IKEA fiyatlarıyla üst tüketim
gruplarına seslenmiyor. Ama tam olarak alt gruba da seslenmiyor. Çünkü konsept
ve tasarım olarak alt ürün gruplarından alışmadığımız ölçüde farklılaşıyor. Yani
IKEA iyi tasarımı ucuza arayanlara mal sağlayacak. Bunun da daha çok şehirlerde
son yıllarda artan 'genç yeni orta sınıf' olduğu sanayicilerin ortak kanaati.
Senaryo 3
İKEA Türkiye'de tutar ve sektörü de etkiler
Senaryo özetle IKEA'nın pazara girmesiyle rekabetin kısmen artacağı, ancak bunun
sektörü olumlu etkileyeceği üzerine kurulu. Bu Senaryoyu savunanlar IKEA'nın
dünyanın diğer ülkelerindeki deneyimlerine atıfta bulunuyor. IKEA girdiği
ülkelerle ilgili önceden çok iyi pazar araştırmaları yapıyor.
Şimdiye kadar girdiği hemen tüm
ülkelerde pazarda önemli bir oyuncu konumuna gelmiş bir zincir. Türkiye pazarına
girmek için de uzun süreler görüşmeler yapan IKEA değişik nedenlerden dolayı bu
çalışmalarını durdurmuştu. Son olarak Maya Holding'e bağlı Mapa Mobilya ile
anlaşan şirketin çok iyi bir pazar analizi yaptığı biliniyor. Ekonomik
istikrarın sağlanması ve enflasyonist ortamın etkisini yitirmesinin; şirketin
Türkiye pazarına girmesi için gerekli altyapıyı sağladığı düşünülüyor. IKEA'nın
özellikle alt ürün grupları üreten firmalarda tasarımı geliştirme yönünde,
modern tarzda üretim yapan firmalarda da fiyatları düşürme yönünde önemli bir
etkisi olması bekleniyor bu Senaryoya göre. IKEA yetkilileri ise Türkiye'de ilk
defa böyle bir perakende mobilya mağazasının açılmasından dolayı pazarı
genişletici etki yapacağı görüşündeler. Bu Senaryoyu destekleyenlerin
argümanlarından biri de Türk insanının 'yeniliklere son derece açık' olması.
Cep telefonu ve çevresindeki tüketim
anlayışının çok kısa sürede Türk halkı tarafından benimsenmesi en yeni örnek
olarak sunuluyor buna.
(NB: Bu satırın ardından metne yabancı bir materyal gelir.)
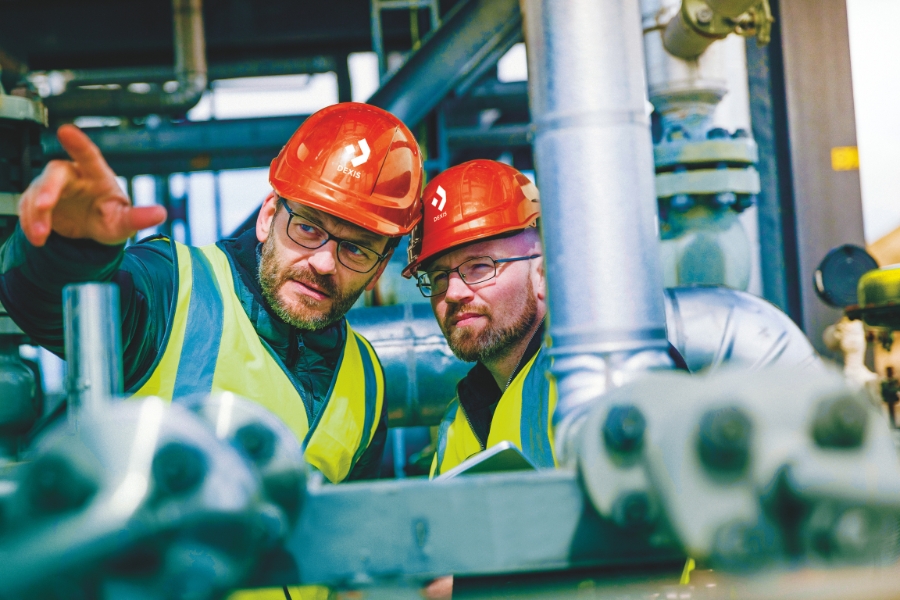 Zwei Mitarbeiter mit roten Schutzhelmen und Warnwesten sind auf einem Industriegelände. Ein Mitarbeiter zeigt nach vorne, während der andere in die gleiche Richtung blickt. Beide wirken konzentriert.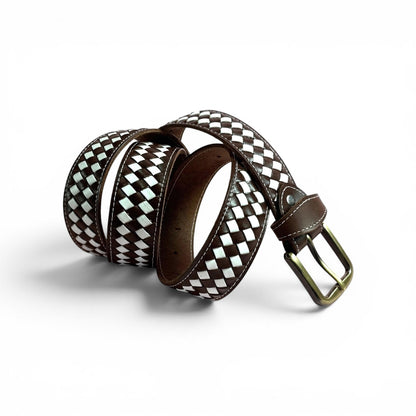 A woven leather belt with a brown and white diamond pattern, featuring a dark brown leather interior and a brass buckle, coiled on a white background.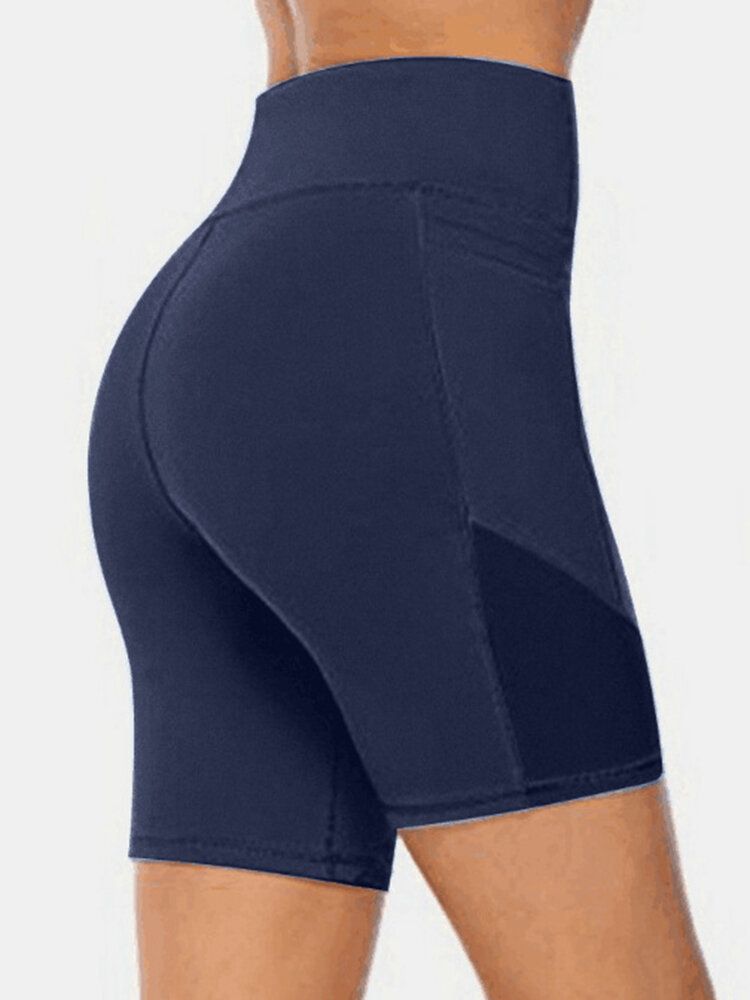 Short De Sport De Motard De Couleur Unie Pour Femmes De Grande Taille À Séchage Rapide Avec Poche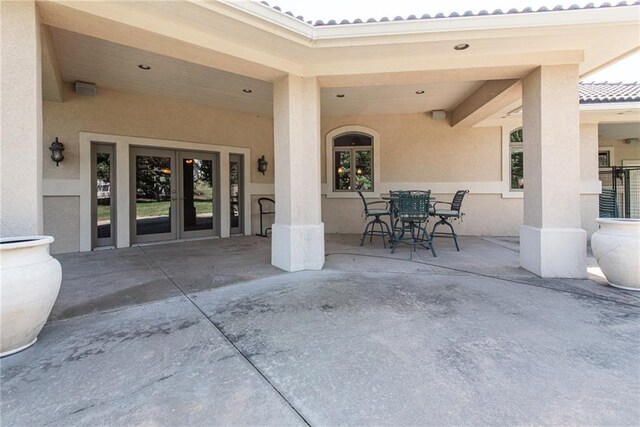 1709 Lake Alvamar Dr, Lawrence, KS 66047 - view of patio featuring outdoor dining area and french doors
Nüfusun genç olması ve eğitim seviyesinin artması
IKEA'nın potansiyel müşteri kitlesini genişlettiği kanaatini pekiştiriyor.
IKEA'nın reklam ve pazarlamaya ayırdığı para da son derece iyi.
Senaryo 4
IKEA'nın perakende olarak tutup tutmaması önemli değil, önemli olan alımı
nasıl tetikleyeceği
Son Senaryoysa en ilginci. Dile
getirenler daha çok sektördeki KOBİ ölçeğindeki üreticiler. IKEA'nın Türkiye'ye
perakende konusunda yoğunlaşmasıyla Türkiye'den yapacağı alımların da artması
bekleniyor.
IKEA 16-17 yıldır Türk firmalarından
alım yapıyor. Özellikle ev tekstili, armatür, cam eşya ve bazı mobilya
ürünlerinde Türkiye'den yapılan yıllık alımın 50 milyon dolar civarında olduğu
tahmin ediliyor. 13,5 milyar dolar ciroluk böyle bir devin Türkiye gibi bir
ülkeden sadece 50 milyon dolar alım yapıyor olması çok kötü.
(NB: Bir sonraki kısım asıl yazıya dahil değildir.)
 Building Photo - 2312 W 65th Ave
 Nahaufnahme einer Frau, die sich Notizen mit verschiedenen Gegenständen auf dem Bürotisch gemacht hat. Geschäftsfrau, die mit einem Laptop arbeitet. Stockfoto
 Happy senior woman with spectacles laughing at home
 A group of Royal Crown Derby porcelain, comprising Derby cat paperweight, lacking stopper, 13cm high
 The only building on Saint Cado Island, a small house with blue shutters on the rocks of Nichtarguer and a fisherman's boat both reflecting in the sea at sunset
MOSDER Başkanı Ali Özkan, Türk mobilya üreticilerinin kendi markalarının
kullanılması konusunda çok ısrarcı olduklarını, bu yüzden büyük üreticilerin
IKEA'ya üretime pek yanaşmayacağını düşünüyor. Ancak mobilya sektörünün büyük
kısmının KOBİ'lerden oluştuğunu düşünürsek birçok firma için uluslararası bir
zincire iş yapma şansı artıyor.
Hareketlilik tekrar başlıyor
IKEA'nın Ümraniye mağazası 45 milyon avroya mal oldu. 2009 yılına kadar 135
milyon dolarlık yatırımla İstanbul, Ankara ve İzmir'de toplam dört mağaza daha
açması bekleniyor. Bu tabii ki Ümraniye'deki mağazadan şirketin ne kadar iş
yapacağına bağlı biraz da. Bu süreçte mobilya sektörünün diğer oyuncuları da boş
duracağa benzemiyor. Geçtiğimiz sene mobilya sektörüne giren ve Arstil
markasıyla mobilya ürettiren Arçelik bu çalışmalarını bir süreliğine
dondurmuştu.
Piyasayı tetikledi
IKEA'nın Türkiye'ye girişi netleşince o da bu çalışmalarını hızlandırdı. Kelebek
Mobilya üretimini artırma yönünde çalışmalara başladı, Çilek Mobilya ise yeni
bayilikler için arayışlarını yoğunlaştırdı. Sektörün en büyüğü olarak kabul
edilen Boydak Grubu ise yurt dışı pazarlara ağırlık verdi. IKEA'nın gelişinin
sektöre ne kaybettirip ne kazandıracağını bekleyip göreceğiz ama bu vesileyle
sektörün basının ilgisini kazandığını söyleyebiliriz.